As an aside, there is another form of the canvas grammar in PD, specifically for the root, which is of the form:

#N canvas <int> <int> <int> <int> <int>;

Which I have successfully parsed using a different rule, so my assumption is the problem comes from attempting to parse the string in the middle of the integers.

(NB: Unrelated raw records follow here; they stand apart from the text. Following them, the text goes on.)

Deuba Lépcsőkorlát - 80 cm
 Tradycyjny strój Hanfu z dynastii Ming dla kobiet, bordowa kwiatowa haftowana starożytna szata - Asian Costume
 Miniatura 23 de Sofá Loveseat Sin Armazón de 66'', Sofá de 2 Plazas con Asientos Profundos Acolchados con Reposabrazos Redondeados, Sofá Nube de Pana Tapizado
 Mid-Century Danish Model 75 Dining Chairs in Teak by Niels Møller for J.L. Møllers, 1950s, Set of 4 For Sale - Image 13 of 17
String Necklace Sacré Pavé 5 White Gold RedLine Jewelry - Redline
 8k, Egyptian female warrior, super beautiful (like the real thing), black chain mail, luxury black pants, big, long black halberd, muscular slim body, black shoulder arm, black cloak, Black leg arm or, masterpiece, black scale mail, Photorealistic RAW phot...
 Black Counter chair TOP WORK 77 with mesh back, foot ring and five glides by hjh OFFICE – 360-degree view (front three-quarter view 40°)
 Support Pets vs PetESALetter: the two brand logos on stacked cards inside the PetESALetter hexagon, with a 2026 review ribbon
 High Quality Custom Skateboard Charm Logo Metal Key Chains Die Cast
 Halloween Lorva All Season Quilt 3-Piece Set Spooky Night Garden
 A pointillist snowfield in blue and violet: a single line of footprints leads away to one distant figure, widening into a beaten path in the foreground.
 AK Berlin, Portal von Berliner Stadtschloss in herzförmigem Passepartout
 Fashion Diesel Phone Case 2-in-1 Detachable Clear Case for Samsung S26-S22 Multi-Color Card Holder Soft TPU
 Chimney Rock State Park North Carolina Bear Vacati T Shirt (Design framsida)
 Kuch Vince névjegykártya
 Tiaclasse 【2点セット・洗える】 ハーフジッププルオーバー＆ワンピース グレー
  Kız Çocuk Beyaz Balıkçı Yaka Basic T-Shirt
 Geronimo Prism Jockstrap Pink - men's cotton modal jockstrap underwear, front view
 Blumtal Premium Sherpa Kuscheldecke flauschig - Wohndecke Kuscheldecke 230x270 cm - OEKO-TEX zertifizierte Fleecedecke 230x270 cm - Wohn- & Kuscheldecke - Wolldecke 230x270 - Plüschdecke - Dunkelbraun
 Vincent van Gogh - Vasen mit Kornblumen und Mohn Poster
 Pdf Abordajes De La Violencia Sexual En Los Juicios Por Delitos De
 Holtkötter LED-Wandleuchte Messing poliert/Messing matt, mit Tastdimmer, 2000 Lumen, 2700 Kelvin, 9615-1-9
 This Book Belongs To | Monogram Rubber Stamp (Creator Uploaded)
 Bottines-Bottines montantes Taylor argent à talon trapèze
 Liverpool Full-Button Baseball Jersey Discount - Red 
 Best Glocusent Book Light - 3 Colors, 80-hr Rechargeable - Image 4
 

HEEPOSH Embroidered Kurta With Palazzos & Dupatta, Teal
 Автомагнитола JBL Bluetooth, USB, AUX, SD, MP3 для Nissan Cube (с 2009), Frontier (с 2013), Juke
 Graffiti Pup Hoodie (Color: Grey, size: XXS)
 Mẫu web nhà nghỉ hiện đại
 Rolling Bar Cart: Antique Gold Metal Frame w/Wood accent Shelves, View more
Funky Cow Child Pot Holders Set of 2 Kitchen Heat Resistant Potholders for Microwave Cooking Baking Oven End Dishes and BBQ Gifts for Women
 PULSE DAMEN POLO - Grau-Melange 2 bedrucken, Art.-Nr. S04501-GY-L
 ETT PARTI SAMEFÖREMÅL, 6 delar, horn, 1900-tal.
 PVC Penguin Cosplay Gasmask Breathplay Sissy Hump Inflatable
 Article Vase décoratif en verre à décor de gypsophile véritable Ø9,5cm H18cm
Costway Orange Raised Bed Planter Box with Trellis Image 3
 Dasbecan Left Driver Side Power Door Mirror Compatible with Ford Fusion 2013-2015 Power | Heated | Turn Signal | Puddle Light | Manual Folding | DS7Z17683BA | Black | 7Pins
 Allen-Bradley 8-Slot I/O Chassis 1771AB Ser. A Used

So my question is thus: What is wrong with my qi::rule and how can I change it to properly parse?


Solution

  • Two things:

    Greedy Parsing

    Note that PEG grammars are "greedy left-to-right", so you will want to make sure that the int_ >> ";" is not parsed into the name:

    Live On Coliru

    #include <boost/fusion/adapted.hpp>
    #include <boost/spirit/include/qi.hpp>
    #include <iomanip>
    namespace qi = boost::spirit::qi;
    
    struct PdCanvas { int topX, topY, wX, wY, openOnLoad; std::string name; };
    BOOST_FUSION_ADAPT_STRUCT(PdCanvas, topX, topY, wX, wY, name, openOnLoad);
    
    template <typename Iterator> struct PdCanvasGrammar : qi::grammar<Iterator, PdCanvas(), qi::space_type> {
        PdCanvasGrammar() : PdCanvasGrammar::base_type(canvasRule) {
    
            canvasRule =                            //
                "#N canvas" >> qi::int_ >> qi::int_ //
                >> qi::int_ >> qi::int_             //
                >> *(qi::char_ - (qi::int_ >> ';')) //
                >> qi::int_ >> ';'                  //
                ;
        }
    
        qi::rule<Iterator, PdCanvas(), qi::space_type> canvasRule;
    };
    
    int main() {
        PdCanvasGrammar<std::string::const_iterator> const parser;
    
        for (std::string const input :
             {
                 "#N canvas 0 0 400 300 moo 1;",
                 "#N canvas -10 -10 390 290 42 answers LtUaE -9;",
                 R"(#N canvas -10 -10 390 290 To be, or not to be, that is the question:
    Whether 'tis nobler in the mind to suffer
    The slings and arrows of outrageous fortune,
    Or to take Arms against a Sea of troubles,
    
    -9;)",
             }) //
        {
            // std::cout << "Input:\n " << quoted(input) << std::endl;
    
            if (PdCanvas root; phrase_parse(input.begin(), input.end(), parser, qi::space, root))
                std::cout << "Success -> " << boost::fusion::as_vector(root) << "\n";
            else
                std::cout << "Failed\n";
        }
    }
    

    Prints:

    Success -> (0 0 400 300 moo 1)
    Success -> (-10 -10 390 290 42answersLtUaE -9)
    Success -> (-10 -10 390 290 Tobe,ornottobe,thatisthequestion:Whether'tisnoblerinthemindtosufferTheslingsandarrowsofoutrageousfortune,OrtotakeArmsagainstaSeaoftroubles, -9)
    

    Skipping Whitespace

    I chose some outrageous "names" on purpose:

    Your rule has a skipper: space_type. This - by definition - means that +(qi::char_ - qi::space) is equivalent to +qi::char_ because spaces aren't even seen by the expression.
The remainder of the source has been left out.